§ WHAT THIS TASK INVOLVES: Each line of the material must be repeated precisely, with the pictures left out.

§ SUPPLIED DATA:
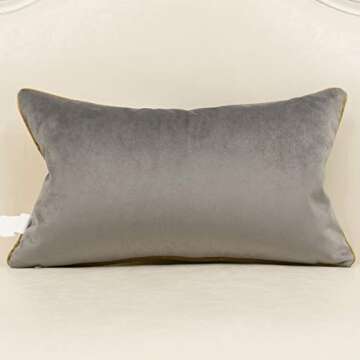 Avigers 12 x 20 Inches Gray White Gold Leather Striped Patchwork Velvet Cushion Case Luxury Modern T...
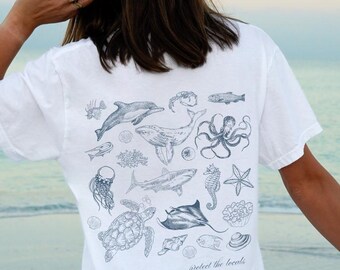 Coastal Vibes Protect the Locals Sea Creatures Unisex Garment-Dyed T-shirt, Graphic Tee Beach Casual Summer, Ocean Inspired Animals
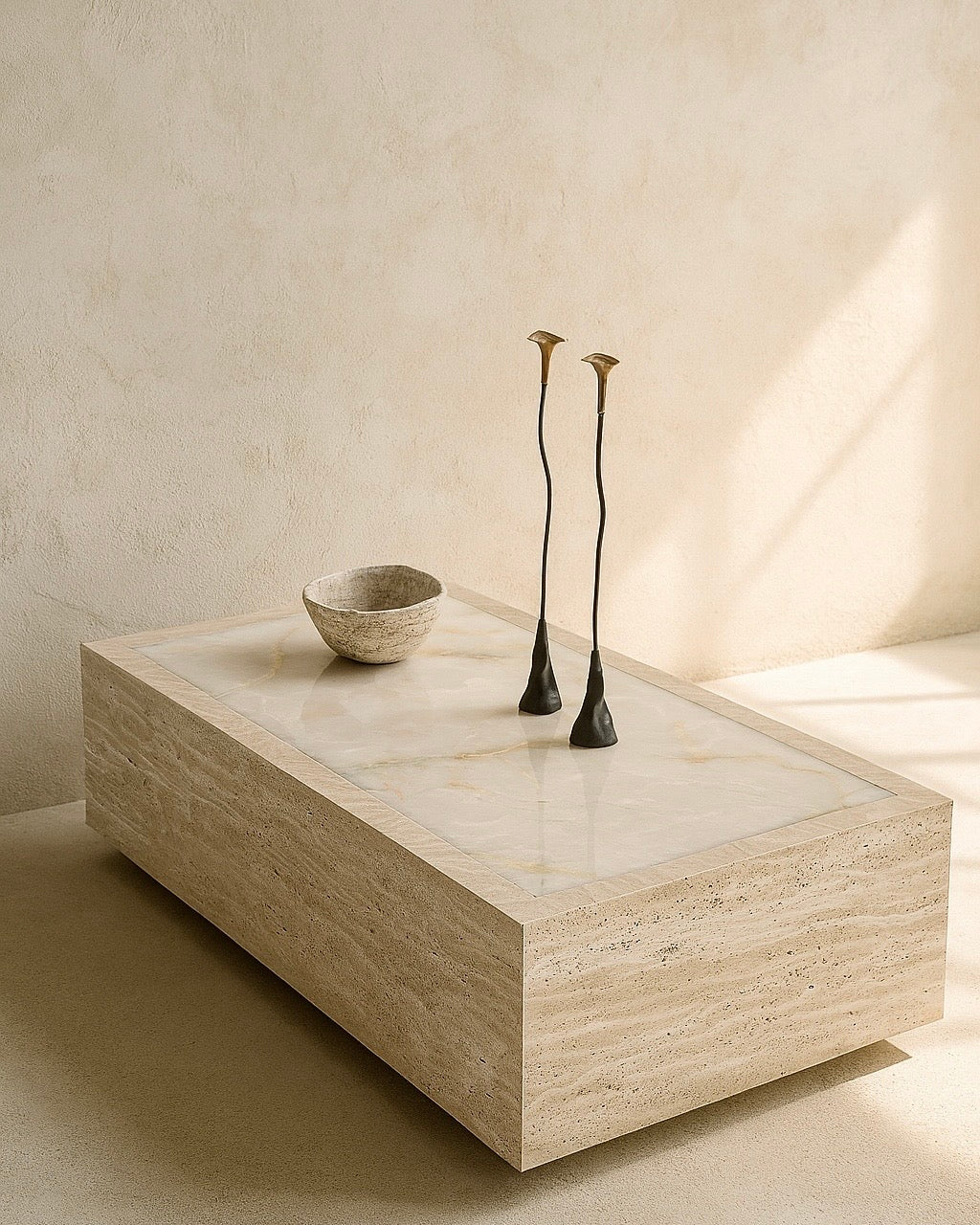 Palermo Beige Travertine Onyx Coffee Table 52" Modern Stone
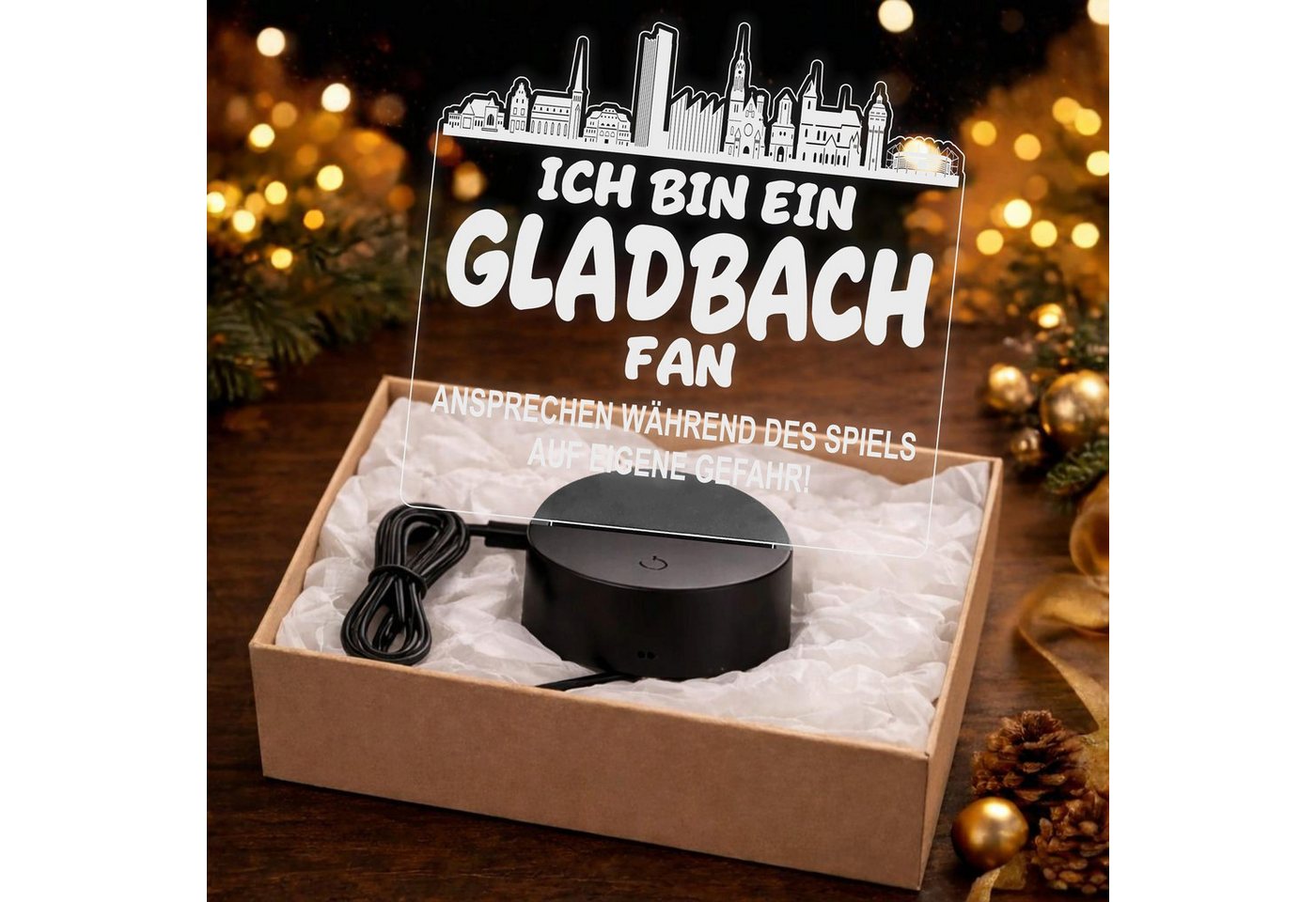 Lieblingsmensch LED Nachtlicht Fußball - Ich bin ein Gladbach Fan - Ansprechen auf eigene Gefahr, LED fest integriert, Farbwechsel oder feste Farbe mit Fernbedienung & Touch, Man Cave Stimmungslicht – 19x23cm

§ RESULT BELOW:
 Avigers 12 x 20 Inches Gray White Gold Leather Striped Patchwork Velvet Cushion Case Luxury Modern T...
 Coastal Vibes Protect the Locals Sea Creatures Unisex Garment-Dyed T-shirt, Graphic Tee Beach Casual Summer, Ocean Inspired Animals
 Palermo Beige Travertine Onyx Coffee Table 52" Modern Stone
 Lieblingsmensch LED Nachtlicht Fußball - Ich bin ein Gladbach Fan - Ansprechen auf eigene Gefahr, LED fest integriert, Farbwechsel oder feste Farbe mit Fernbedienung & Touch, Man Cave Stimmungslicht – 19x23cm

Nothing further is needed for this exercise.